文化主导权理论出自安东尼欧·葛兰西1929年-1935年在狱中写的《狱中札记》。
安东尼欧·葛兰西在文中指出,要想知道文本如何在实践中被挪用和被创造出意义。就需要深入探讨文化消费问题。他认为生产的过程和文化消费的活动之间是存在着一种辩证关系的。因为当消费者在购买一个商品时,消费者总是处于特定的社会历史脉络之中,而将商品加以挪用成文化符号,这时商品所表达的意义并不是商品的使用价值的物质性或者是其本身体现的生产关系所能展示的。
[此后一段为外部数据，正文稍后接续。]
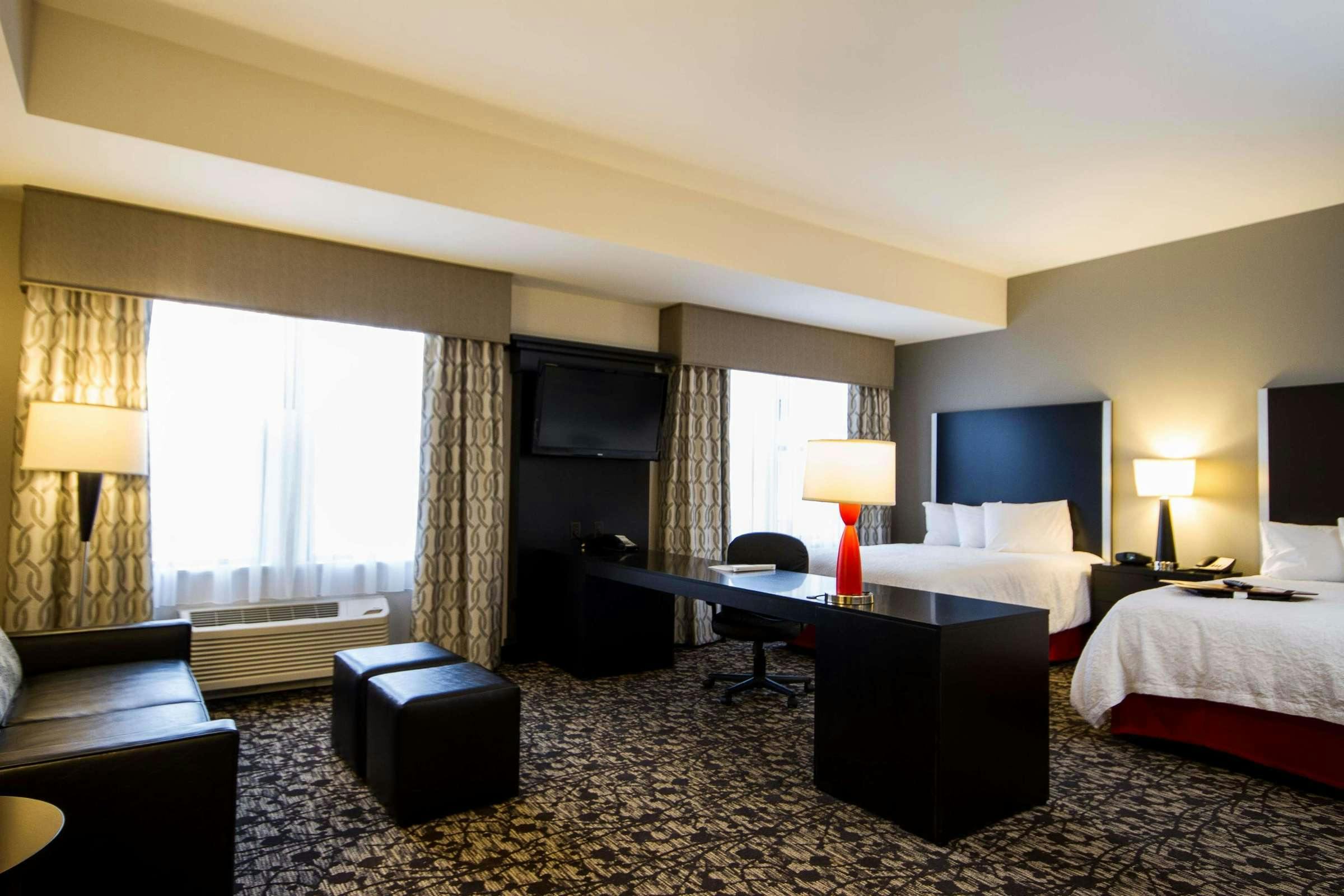 Hotel Hampton Inn & Suites DuPont photo 1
而根据安东尼欧葛兰西的理论来探讨文化消费的问题时,我们就不得不谈到关于“流行文化”的问题,对于“流行文化”的界说是葛兰西文化主导权理论中最能
体现其文化消费是一种创制文化的消费的观点。流行文化在现如今被视为文化商品生产与再生产“文化主导权”的主要领域。根据这个新的观点,流行文化是一个充斥着斗争与协商的领域。在这个领域内发生着争夺支配群体利益与争夺被支配群体利益之间的争战和强制贯彻支配团体的利益的行为,以及被支配群体利益的试图抵抗。葛兰西的观点让我们重新审视了关于流行文化这个概念,从而使原来对于流行文化的两种对立的阐释中引入了一种处于中间的起到平衡作用的观点。根据“文化主导权”观点的文化研究:流行文化既不是一种由下而上发起的大众阶级的文化,也不是文化工业所控制的文化。而是介于两者之间的文化。葛兰西认为它是一种“妥协的均衡状态”;“由下”而发与“由上”而发两种力量的矛盾混合,既是商业的也是真实的,一方面抵抗,另一方面被收编,从而将流行文化视为一种“妥协的均衡状态”。而文化研究感兴趣的不是文化工业所提供的文化商品,而是这些文化商品在文化消费的行动中,如何被挪用、被创制出意义。这恐怕是商品生产者所始料不及的吧!他们的商品生产只是仅仅提供了生存的条件,并不是一个决定因素。这不是说生存条件不重要,但是我们更关心的是商品在文化消费的实践中是怎样创制出了新的意义,从而充分认识这种实践和生存条件之间的关系。
丹尼尔·米勒:文化消费是一种创制文化的实践。丹尼尔·米勒在1987年的《物质文化与大众消费》中提出了这个观点。在这本书的《物的领域、意识形态与利益集团》第158~177页中曾有过这样的论述:“这再次确证了文化与社会之间错综复杂的关系……本文并非主张,某种相对一贯的现象,即所谓‘社会受到了文化的扭曲或错误地表述;相反,我们可以不要这种优先主体假说,而直接讨论文化形式这种确实存在的、矛盾而复杂的现象——各种社会关系就是在文化形式中、通过文化形式运作的。然而,要想使这种观点不至于倒退到对社会、对主体进行客观主义攻击,那么,我们就只能再次强调,文化的积极属性,就体现在它的对象化作用上。体现在它为社会发展提供的前景上……”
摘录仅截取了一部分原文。